Even if Bruce can repeat his career year (in which he has reached base at an underwhelming .311 clip) as the Mets’ hypothetical three-hitter next season, he will not cut it as a contender’s top bat.

With Cespedes out of the fold – which, of course, is not a lock but seems predictable – the Mets offense will slide into a state of even further obscurity, destined for perpetual mediocrity.

Jay Bruce is not Yoenis Cespedes. If the Mets choose to let Cespedes walk and entrust the offense to the bat of Bruce, the club will be faced with future complications which are, at this point, unforeseen.

As pundits have dubbed the Bruce trade as thoughtful for the future because of the outfielder’s remaining year of control, it is actually a stark opposite.

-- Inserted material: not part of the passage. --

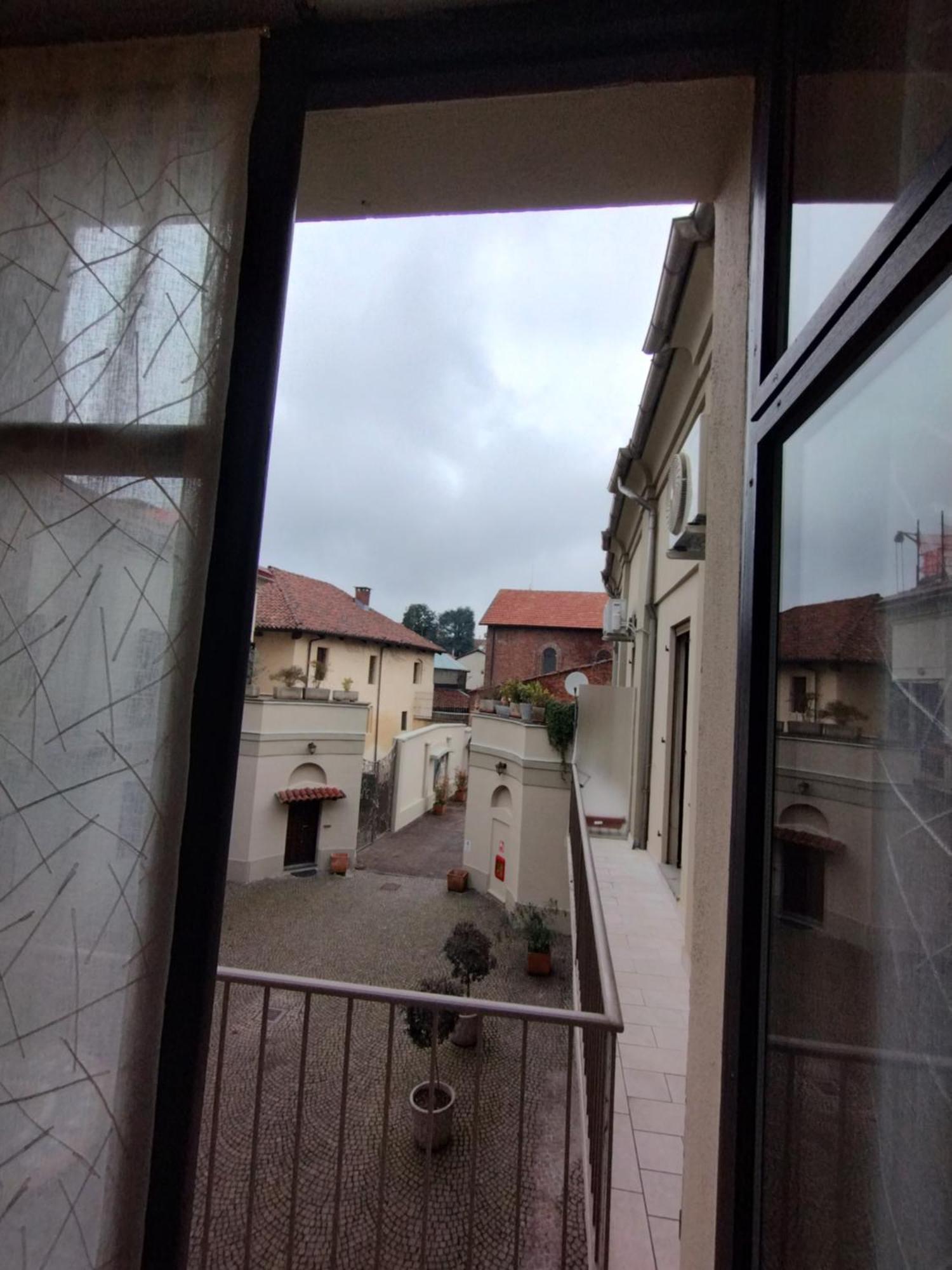 Palazzo Cusani Charming Rooms 韦尔切利 外观 照片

Instead, now excused to stand pat in the soon-to-come Cespedes sweepstakes, the Mets will depend on Jay Bruce to fill the shoes of La Potencia.

Mark my words, this career .249 hitter is not the suitor to fill those shoes, and the Mets will revert back to the club’s pre-Cespedes days, a period of time which fans have attempted to erase from their memories for its dire desperation to rise from the ashes of incompetence and irrelevance.